_Task material_:
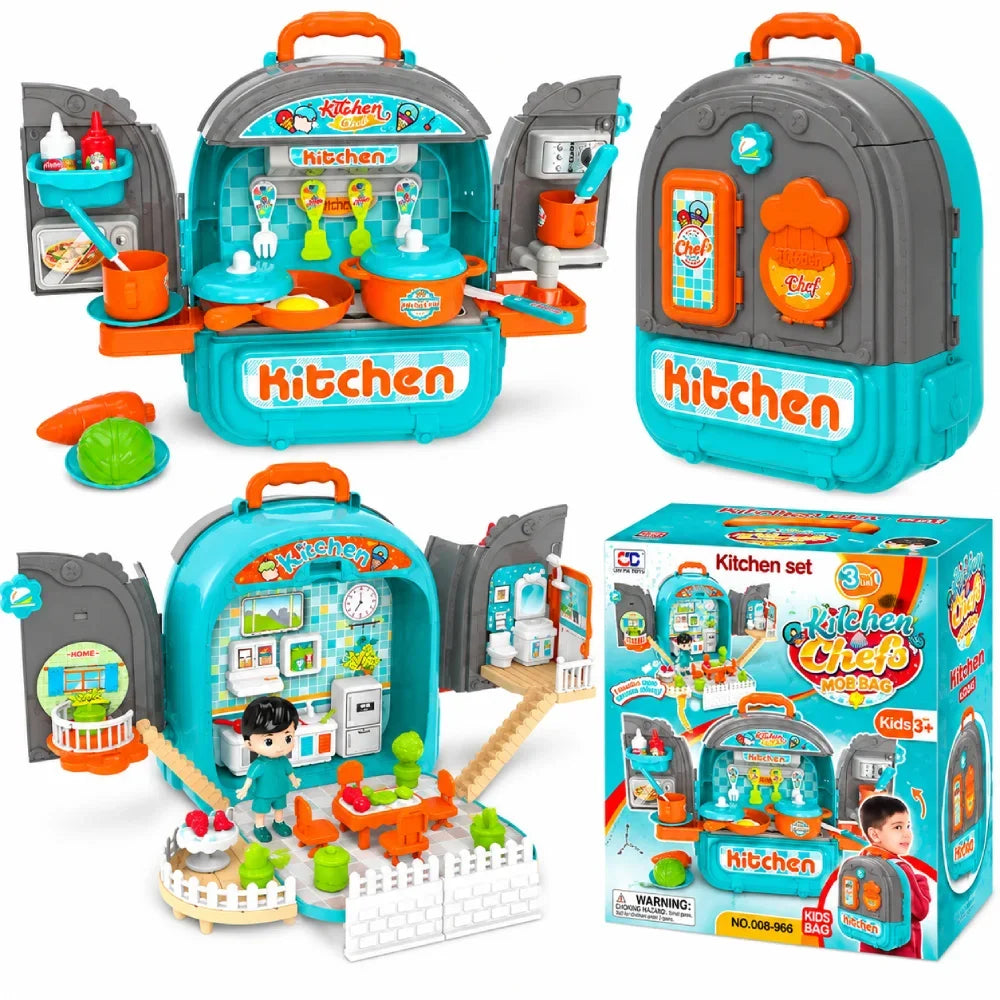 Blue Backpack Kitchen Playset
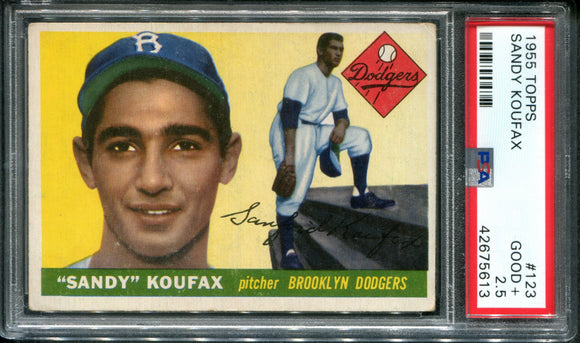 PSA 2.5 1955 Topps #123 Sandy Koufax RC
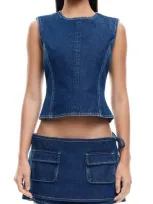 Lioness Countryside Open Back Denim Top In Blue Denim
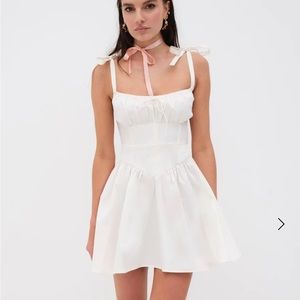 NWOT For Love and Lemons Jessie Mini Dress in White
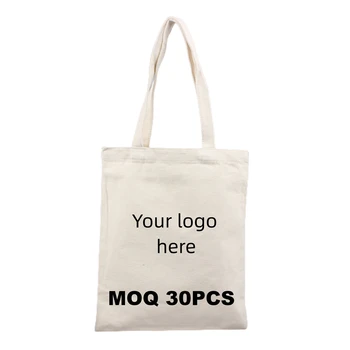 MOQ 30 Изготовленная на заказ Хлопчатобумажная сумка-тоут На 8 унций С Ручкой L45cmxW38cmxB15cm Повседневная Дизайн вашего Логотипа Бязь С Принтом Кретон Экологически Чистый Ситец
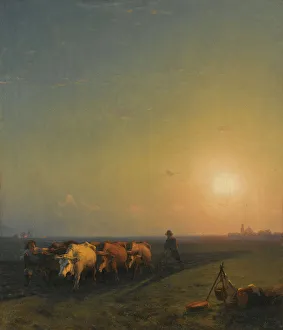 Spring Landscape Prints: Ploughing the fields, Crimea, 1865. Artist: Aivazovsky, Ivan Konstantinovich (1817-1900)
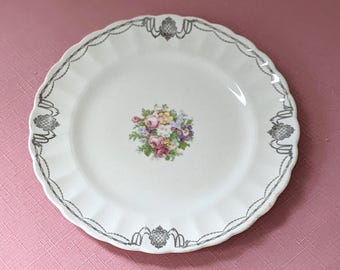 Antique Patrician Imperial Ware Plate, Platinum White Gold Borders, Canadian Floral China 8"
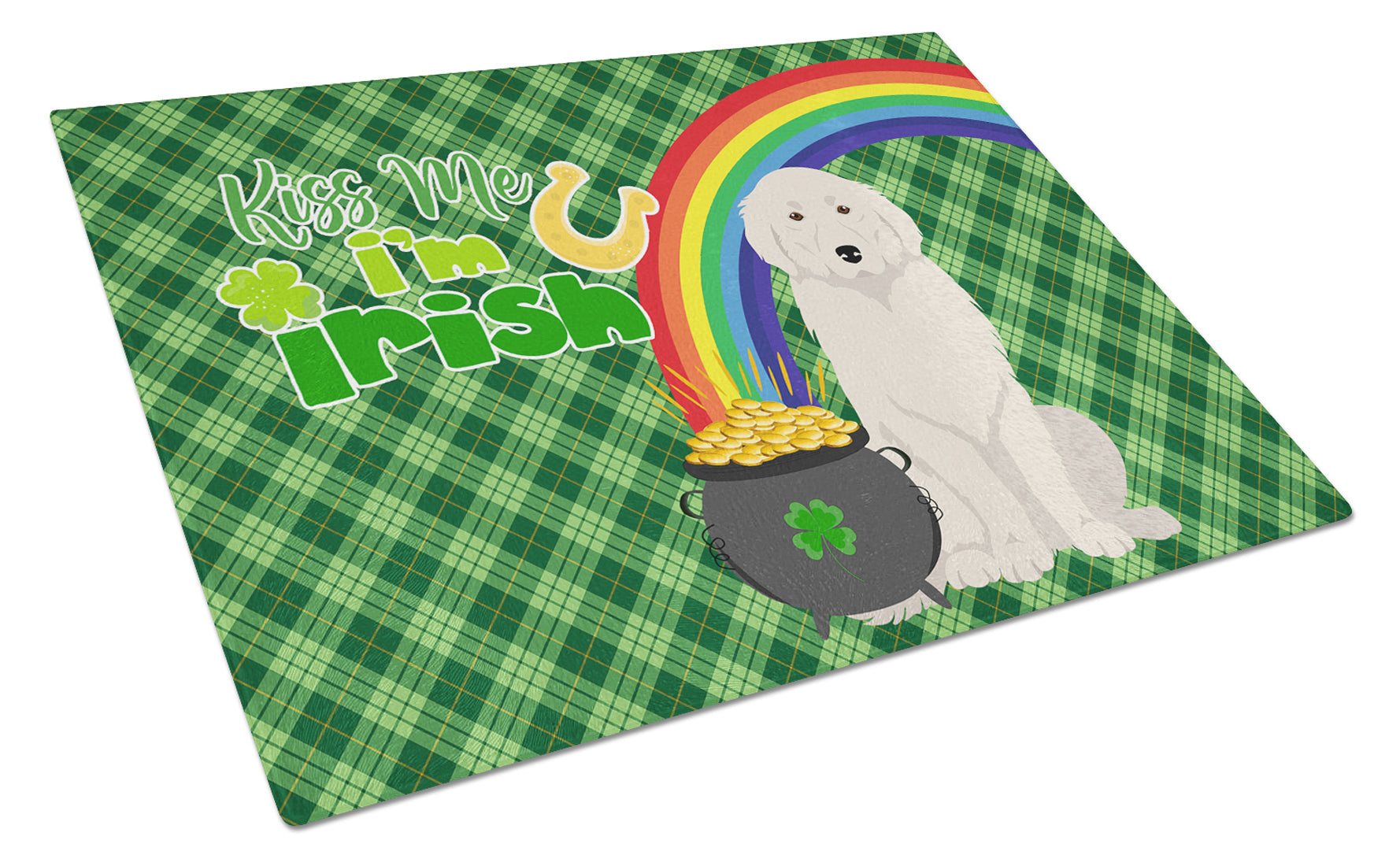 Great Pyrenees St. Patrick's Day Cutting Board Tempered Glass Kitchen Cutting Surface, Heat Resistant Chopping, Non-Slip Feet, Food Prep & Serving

_Try it_: The records must be restated word for word, apart from any images.

_Answer box_:
 Blue Backpack Kitchen Playset
 PSA 2.5 1955 Topps #123 Sandy Koufax RC
 Lioness Countryside Open Back Denim Top In Blue Denim
 NWOT For Love and Lemons Jessie Mini Dress in White
 MOQ 30 Изготовленная на заказ Хлопчатобумажная сумка-тоут На 8 унций С Ручкой L45cmxW38cmxB15cm Повседневная Дизайн вашего Логотипа Бязь С Принтом Кретон Экологически Чистый Ситец
 Spring Landscape Prints: Ploughing the fields, Crimea, 1865. Artist: Aivazovsky, Ivan Konstantinovich (1817-1900)
 Antique Patrician Imperial Ware Plate, Platinum White Gold Borders, Canadian Floral China 8"
 Great Pyrenees St. Patrick's Day Cutting Board Tempered Glass Kitchen Cutting Surface, Heat Resistant Chopping, Non-Slip Feet, Food Prep & Serving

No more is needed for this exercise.